- Directed by: Joseph Kane
- Written by: Karen DeWolf Stuart Anthony
- Produced by: Joseph Kane
- Starring: Roy Rogers
- Cinematography: Jack A. Marta
- Release date: 1939;
- Running time: 58 minutes
- Country: United States
- Language: English

= Saga of Death Valley =

1939 film

 Saga of Death Valley is a 1939 American Western film directed by Joseph Kane and starring Roy Rogers.

==Plot==
When the senior Roy Rogers is gunned down in front of little Tim Rogers, he is taken by the killers, leaving his older brother Roy Jr. behind and alone. Tim is raised by his father's killers and called Jerry.
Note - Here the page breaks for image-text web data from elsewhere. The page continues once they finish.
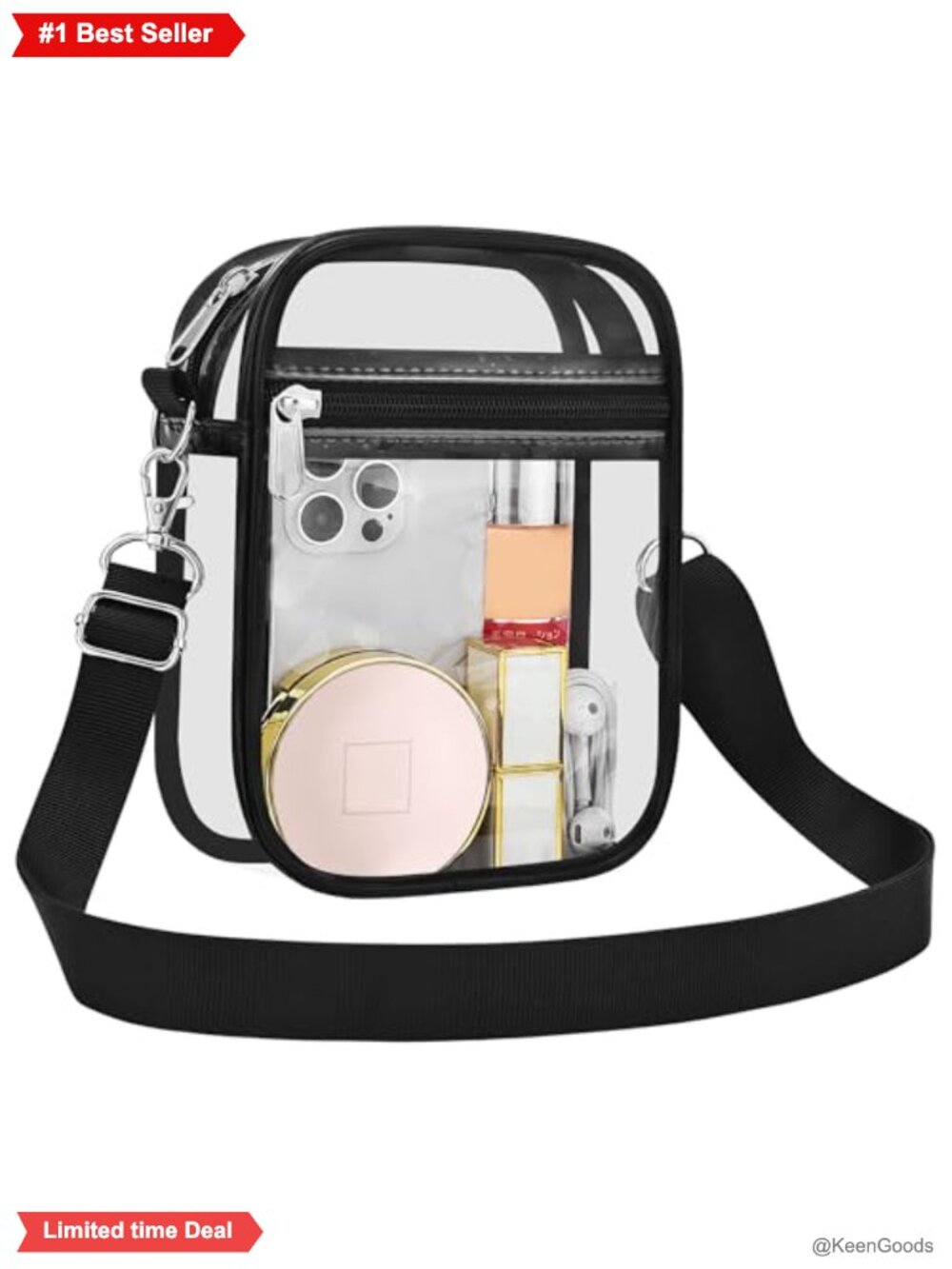 Clear Stadium Messenger Bag PVC Crossbody with Adjustable Strap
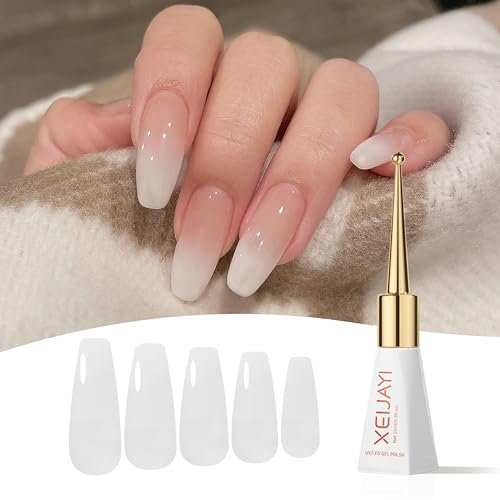 Milchweißer UV Gel Nagellack - Hochdeckender Lack für Nägel, Solide Farbe Gel Polish Langlebig - Regulärer Nagellack Soak Off UV LED Fingernagellack für Nagelstudio Maniküre DIY Home (White)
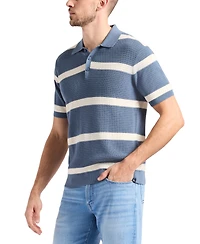 Men's Winder Short Sleeve Textured Striped Polo Sweater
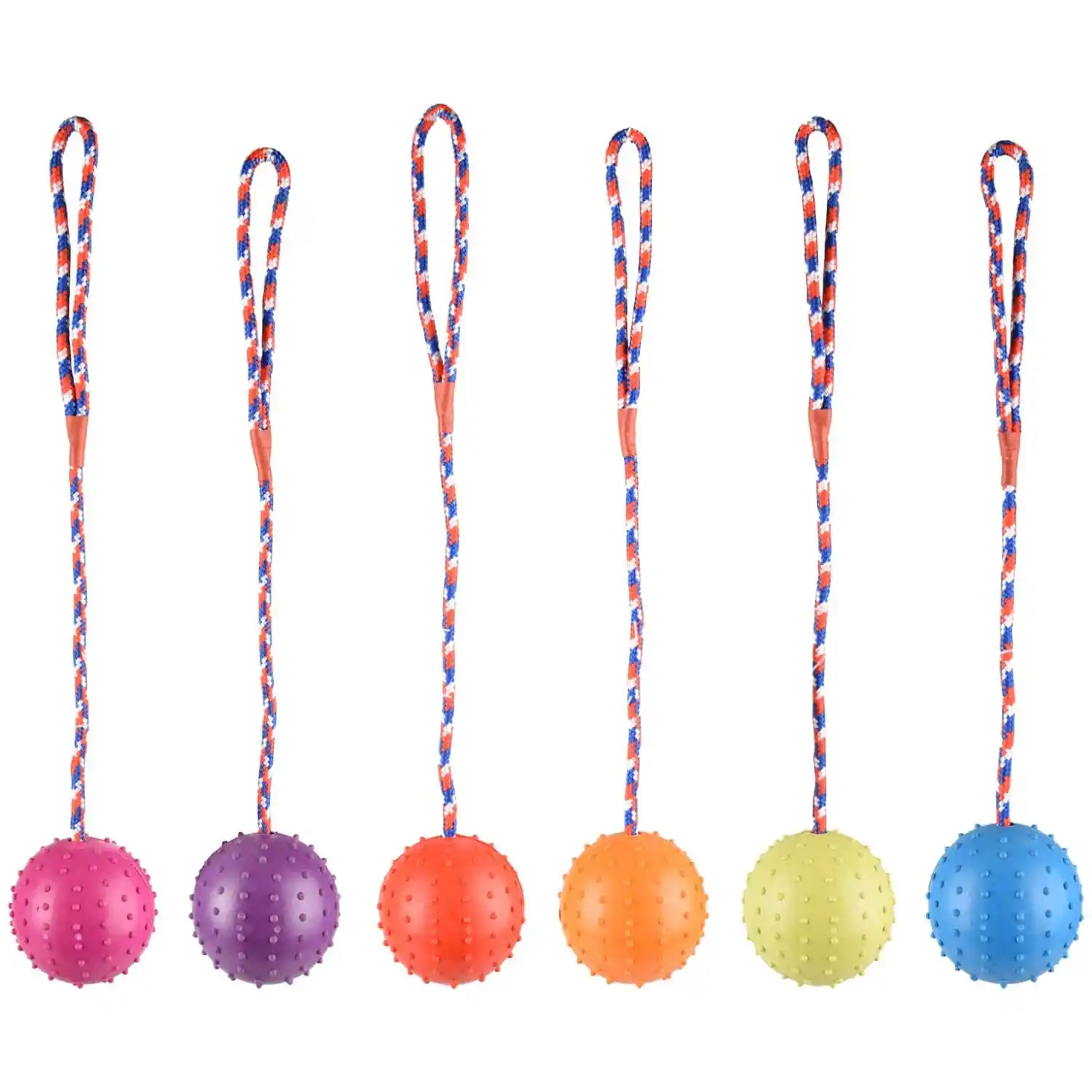 Flamingo Игрушка резиновая RUBBER BALL with Rope 7cm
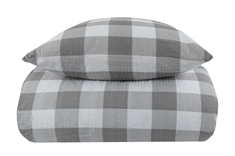 Sengetøj 200x220 cm - Bæk og bølge - Check grey - Ternet sengetøj i grå - By Night sengesæt i krepp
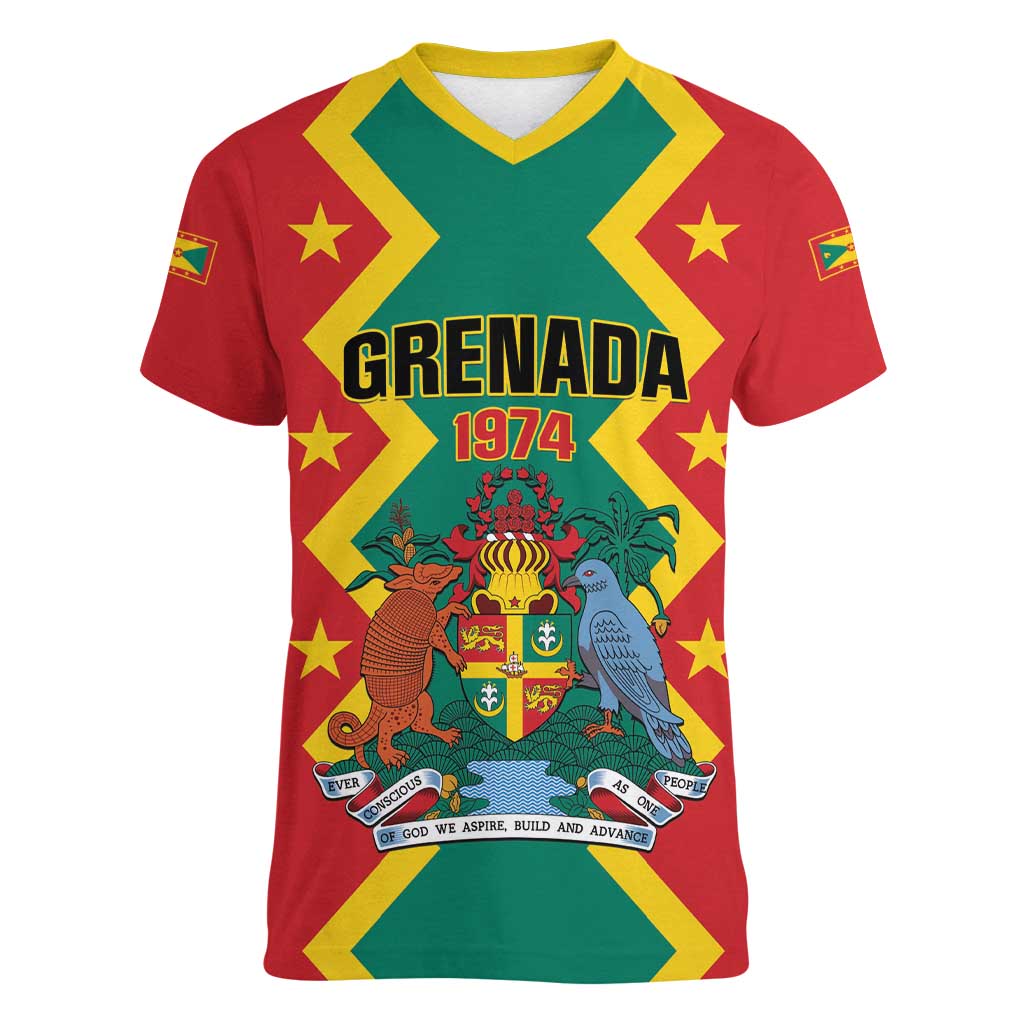 Personalized Grenada 1974 Women V-Neck T-Shirt Proud To Be Grenadian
Fifteen years later, Roy tracks down his father's killers to bring them to justice using an alias to disguise his motives. But he finds that his little brother is a leading henchman for the killers' gang.

==Cast==
- Roy Rogers as Roy Rogers
- George "Gabby" Hayes as Gabby Whittaker
- Doris Day as Ann Meredith
- Donald Barry as Jerry aka Tim Rogers
- Frank M. Thomas as Ed Tasker

==Production==
Saga of Death Valley was Roy Rogers 12th Western film in a starring role. Filmed in scenic Lone Pine near the actual Death Valley. Donald Barry would, in the next year—1940—find Western film stardom in his own right after starring in the 12-chapter serial The Adventures of Red Ryder. It was for this star-making role that he became known as Don "Red" Barry for the rest of his film career. Western singing star Jimmy Wakely appears here in his first film role. He, too, would later star in his own series of Western films, following in Roy Rogers' footsteps as a singing cowboy hero. Doris Day (1910–1998), who played Ann Meredith, was a namesake of the famous Doris Day (1922–2019).